• _Data provided_

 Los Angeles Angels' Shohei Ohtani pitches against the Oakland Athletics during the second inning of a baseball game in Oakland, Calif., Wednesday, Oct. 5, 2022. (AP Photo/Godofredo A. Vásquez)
---
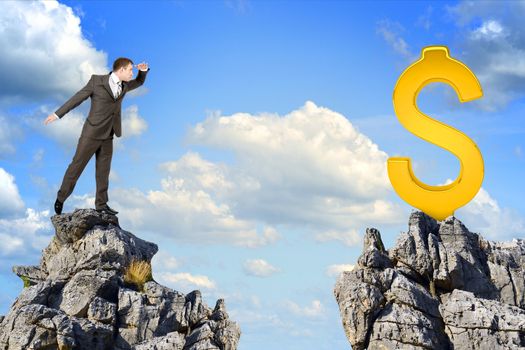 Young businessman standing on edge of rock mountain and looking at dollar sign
---
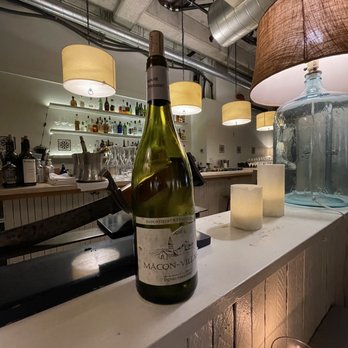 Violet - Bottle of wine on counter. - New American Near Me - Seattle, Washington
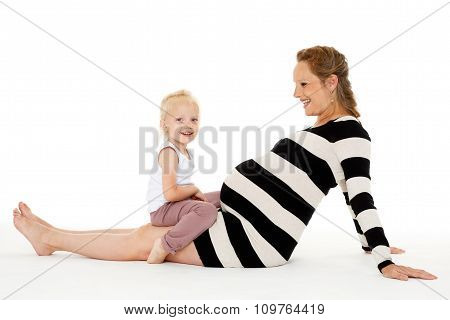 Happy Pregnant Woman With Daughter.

• _Work request_
Above are the records; please give again, exactly and in full, only the lines that run from the line with "Violet - Bottle" through the line with "Happy Pregnant Woman With Daughter.", with no pictures.

• _Exercise response_
 Violet - Bottle of wine on counter. - New American Near Me - Seattle, Washington
 Happy Pregnant Woman With Daughter.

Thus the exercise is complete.